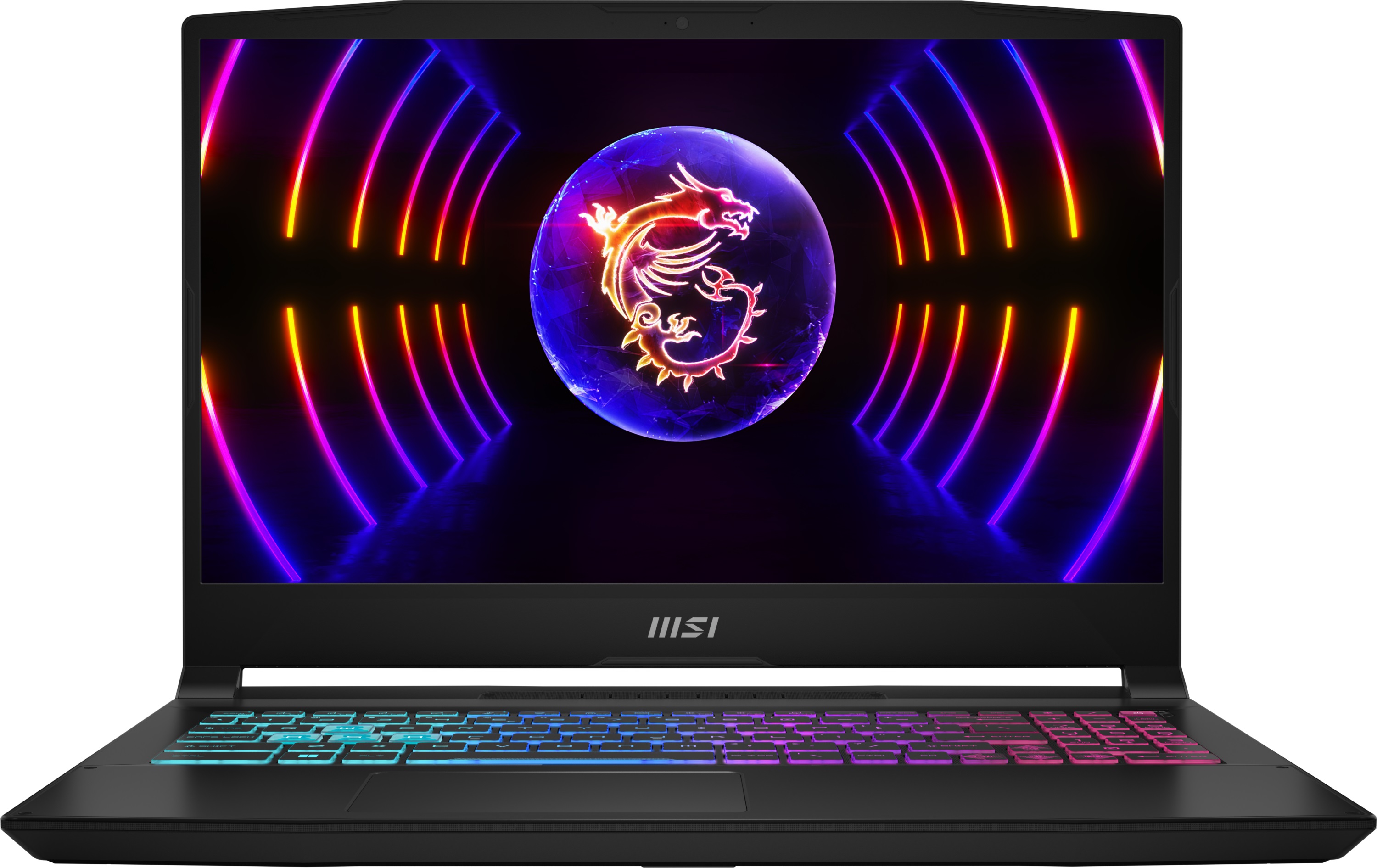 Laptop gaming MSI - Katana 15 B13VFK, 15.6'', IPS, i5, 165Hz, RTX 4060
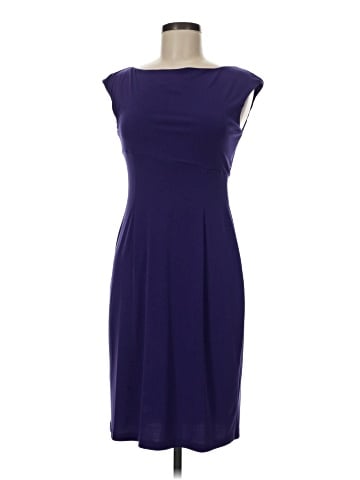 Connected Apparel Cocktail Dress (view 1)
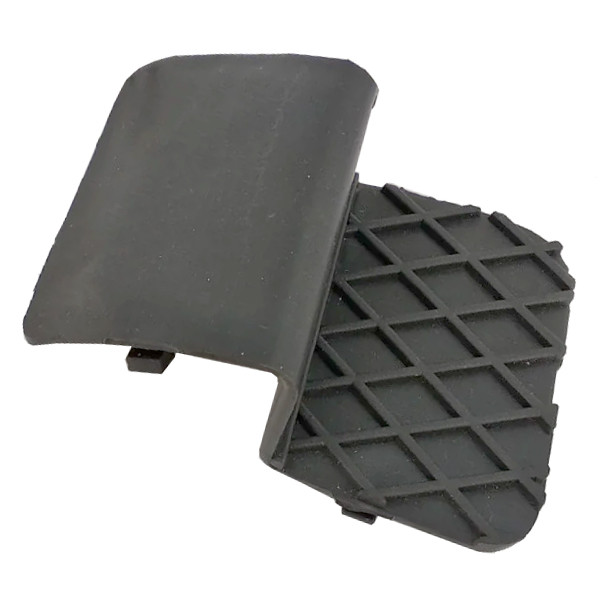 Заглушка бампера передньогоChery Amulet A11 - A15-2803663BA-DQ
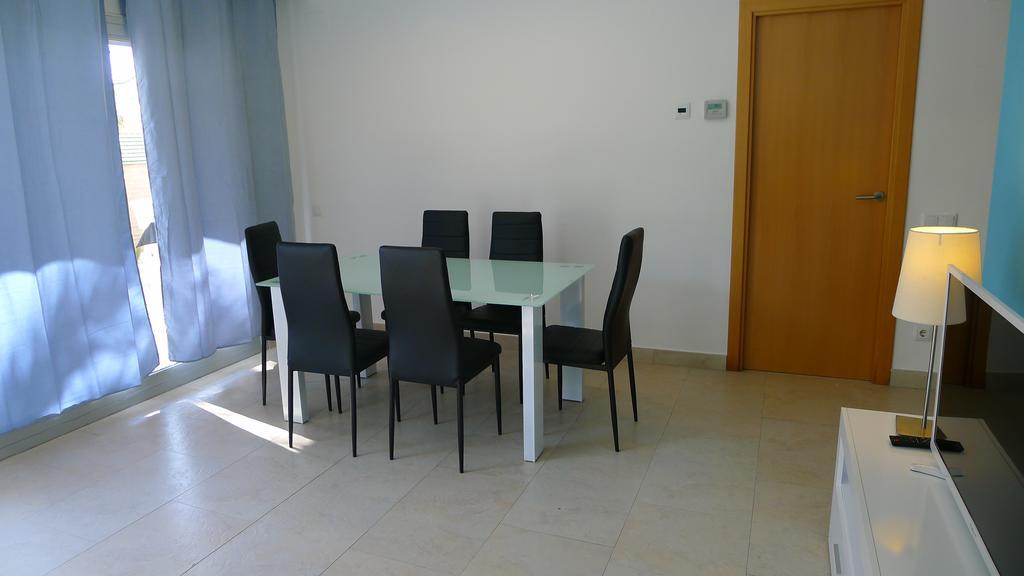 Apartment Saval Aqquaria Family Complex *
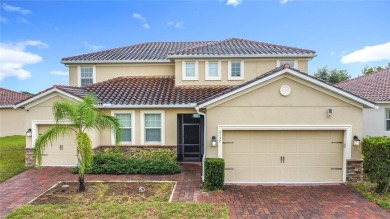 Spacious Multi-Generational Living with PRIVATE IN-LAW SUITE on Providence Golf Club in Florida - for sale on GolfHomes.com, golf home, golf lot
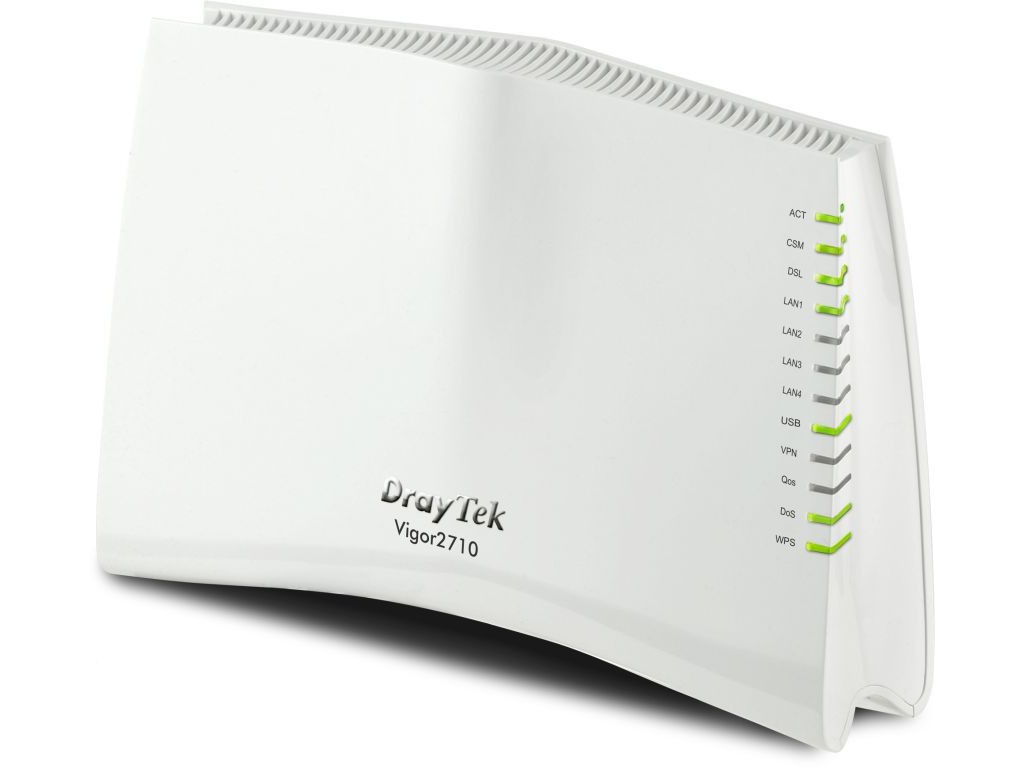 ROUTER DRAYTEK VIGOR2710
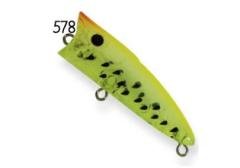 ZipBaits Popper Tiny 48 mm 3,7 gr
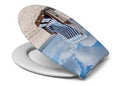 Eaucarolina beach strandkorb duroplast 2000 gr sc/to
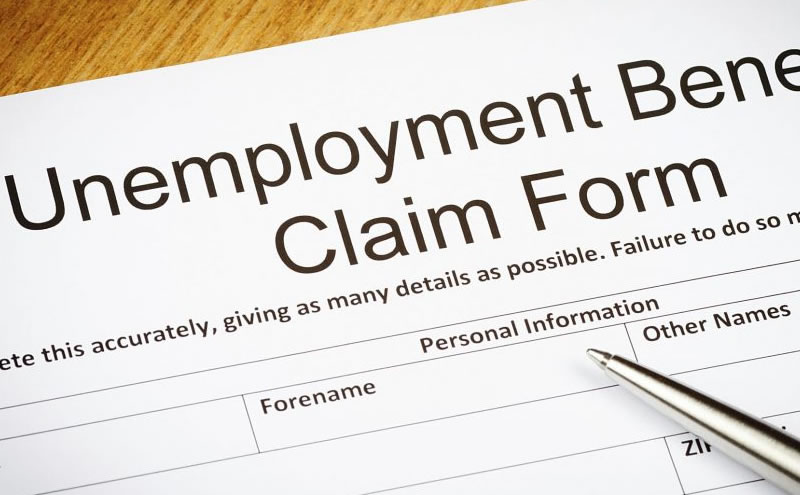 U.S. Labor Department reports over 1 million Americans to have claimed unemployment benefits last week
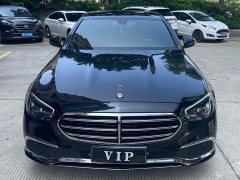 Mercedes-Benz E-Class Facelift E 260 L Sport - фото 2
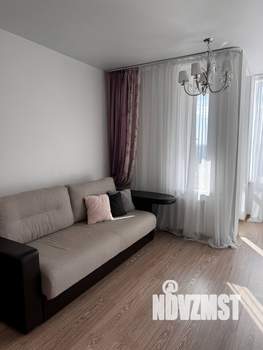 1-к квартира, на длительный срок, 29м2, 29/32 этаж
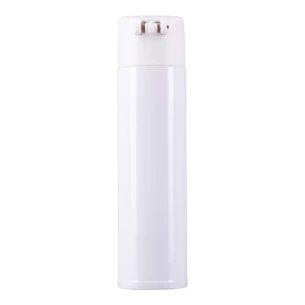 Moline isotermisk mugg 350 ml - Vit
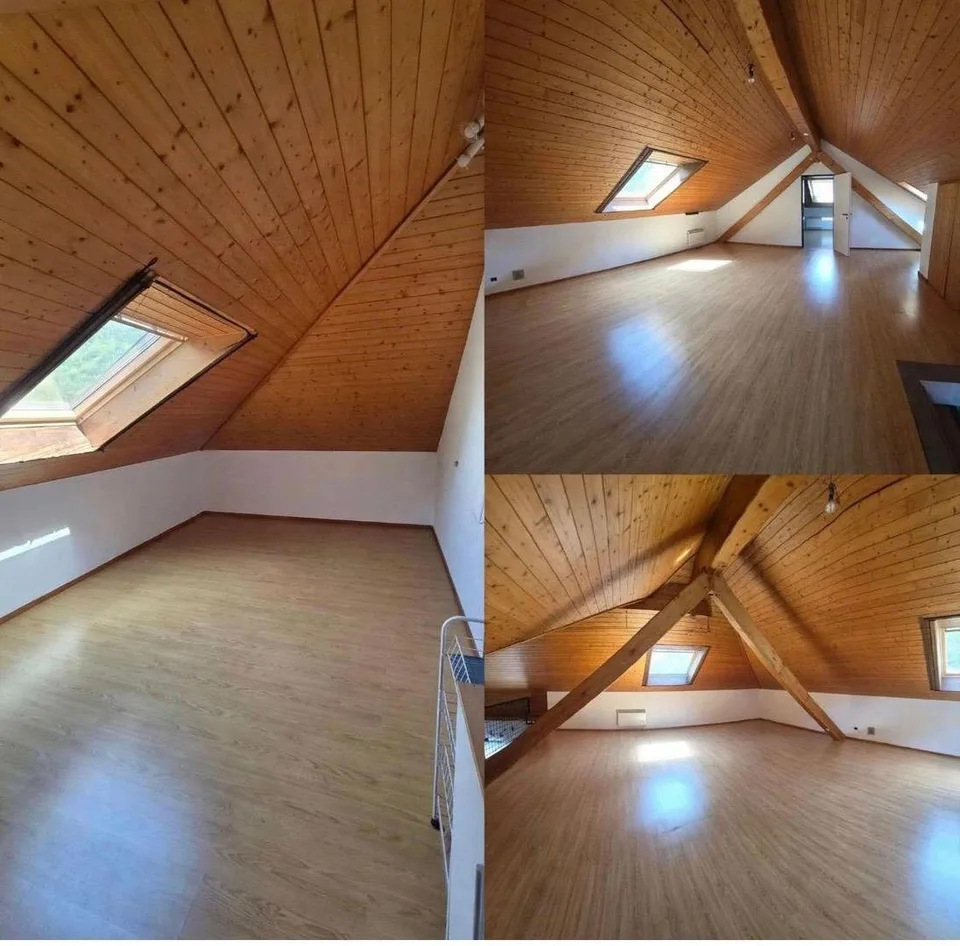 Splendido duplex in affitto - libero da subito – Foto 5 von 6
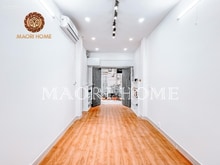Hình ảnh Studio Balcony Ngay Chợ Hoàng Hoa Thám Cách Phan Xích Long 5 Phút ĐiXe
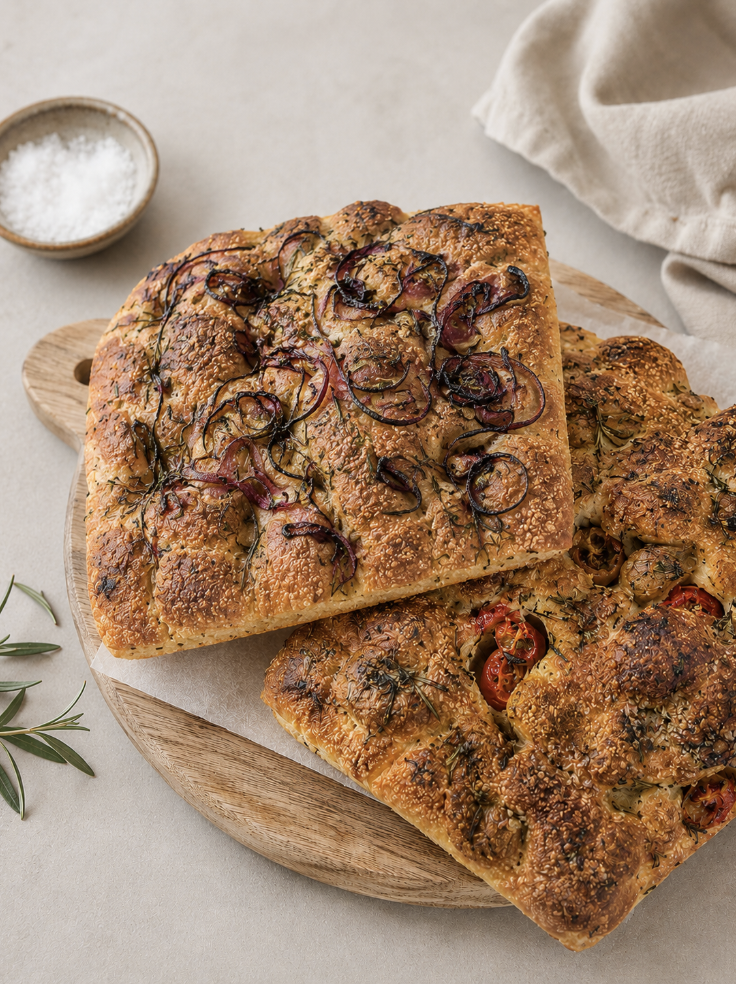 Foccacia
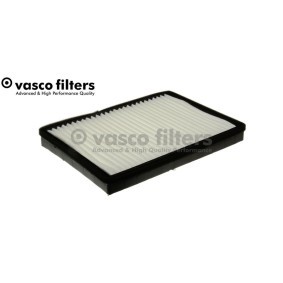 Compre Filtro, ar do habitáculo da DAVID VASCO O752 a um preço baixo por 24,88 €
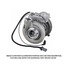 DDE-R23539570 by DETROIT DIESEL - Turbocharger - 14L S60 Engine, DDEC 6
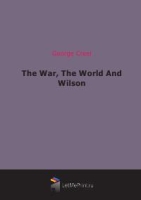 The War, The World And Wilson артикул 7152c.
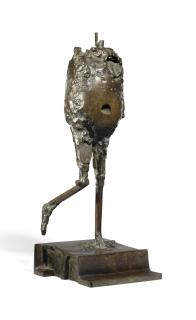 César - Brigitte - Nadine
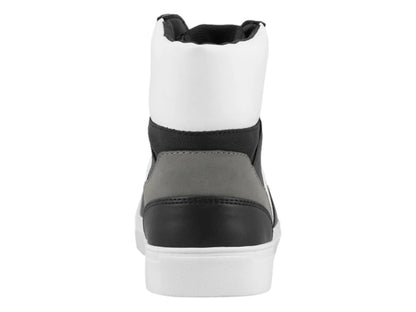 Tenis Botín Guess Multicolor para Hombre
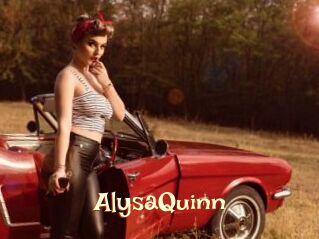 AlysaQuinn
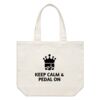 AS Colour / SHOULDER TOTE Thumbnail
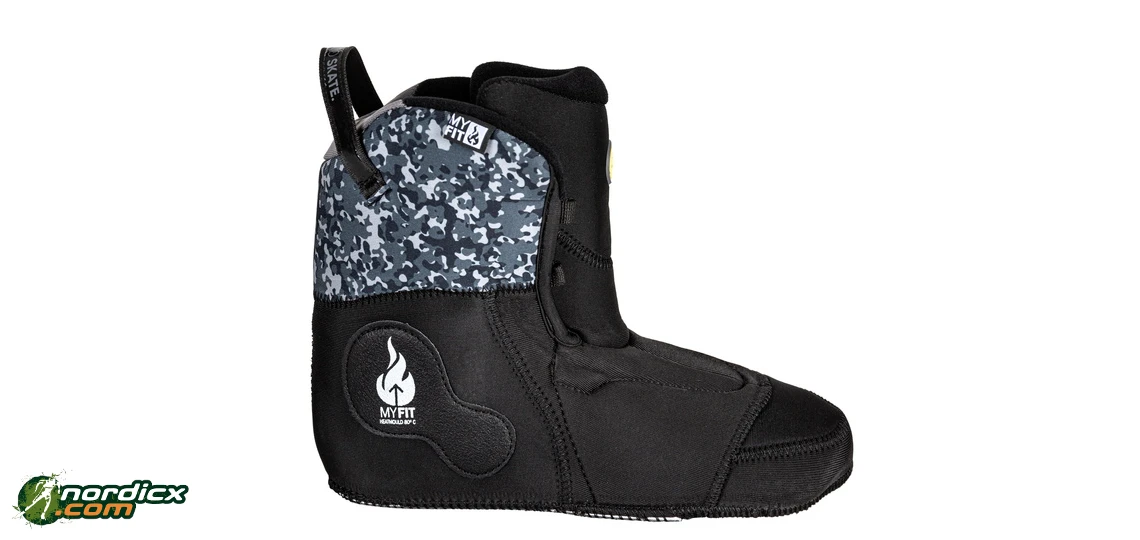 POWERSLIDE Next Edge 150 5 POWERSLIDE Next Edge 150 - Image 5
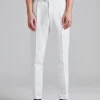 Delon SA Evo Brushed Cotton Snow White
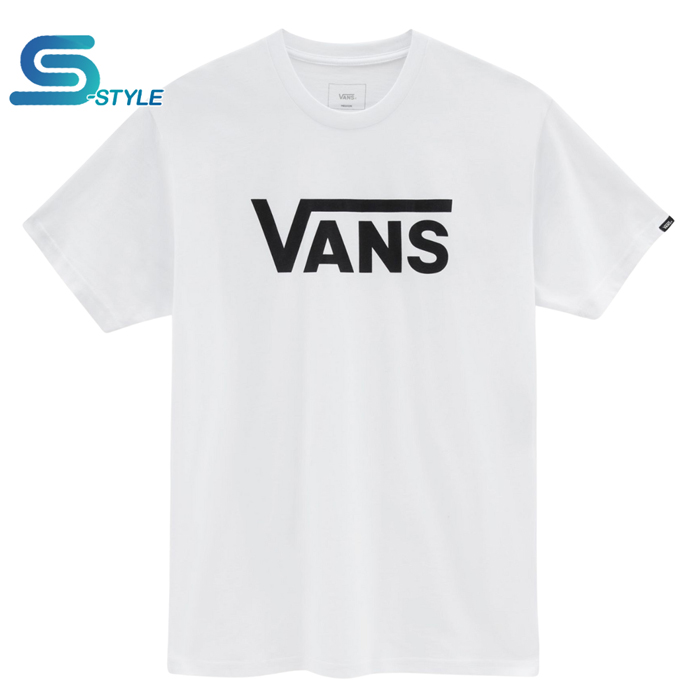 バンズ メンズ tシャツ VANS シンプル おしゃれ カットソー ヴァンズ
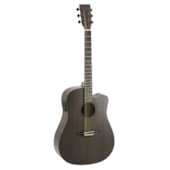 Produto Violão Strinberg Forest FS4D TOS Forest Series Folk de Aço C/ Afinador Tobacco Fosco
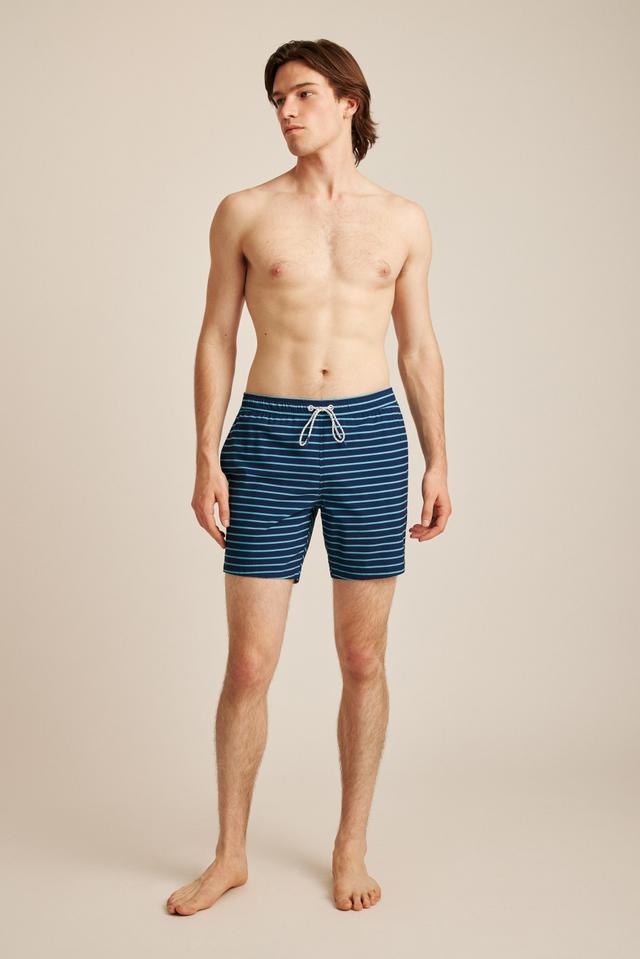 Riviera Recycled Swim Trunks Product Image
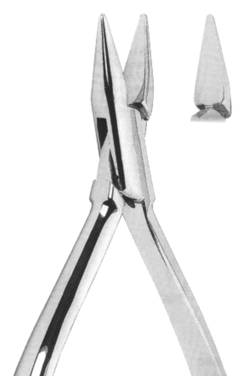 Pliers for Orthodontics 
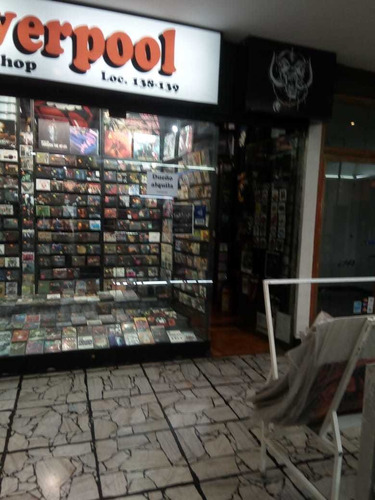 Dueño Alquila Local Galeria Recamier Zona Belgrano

•••••

■ **WORK TO COMPLETE**
From the line containing "Moline isotermisk mugg 350 ml - Vit" to the final line of the entries, both included, transcribe every line exactly, omit the pictures, and add nothing more.

■ **THE ANSWER**
 Moline isotermisk mugg 350 ml - Vit
 Splendido duplex in affitto - libero da subito – Foto 5 von 6
Hình ảnh Studio Balcony Ngay Chợ Hoàng Hoa Thám Cách Phan Xích Long 5 Phút ĐiXe
 Foccacia
 Compre Filtro, ar do habitáculo da DAVID VASCO O752 a um preço baixo por 24,88 €
 DDE-R23539570 by DETROIT DIESEL - Turbocharger - 14L S60 Engine, DDEC 6
 The War, The World And Wilson артикул 7152c.
 César - Brigitte - Nadine
 Tenis Botín Guess Multicolor para Hombre
 AlysaQuinn
 AS Colour / SHOULDER TOTE Thumbnail
 POWERSLIDE Next Edge 150 5 POWERSLIDE Next Edge 150 - Image 5
 Delon SA Evo Brushed Cotton Snow White
 バンズ メンズ tシャツ VANS シンプル おしゃれ カットソー ヴァンズ
 Produto Violão Strinberg Forest FS4D TOS Forest Series Folk de Aço C/ Afinador Tobacco Fosco
 Riviera Recycled Swim Trunks Product Image
 Pliers for Orthodontics 
 Dueño Alquila Local Galeria Recamier Zona Belgrano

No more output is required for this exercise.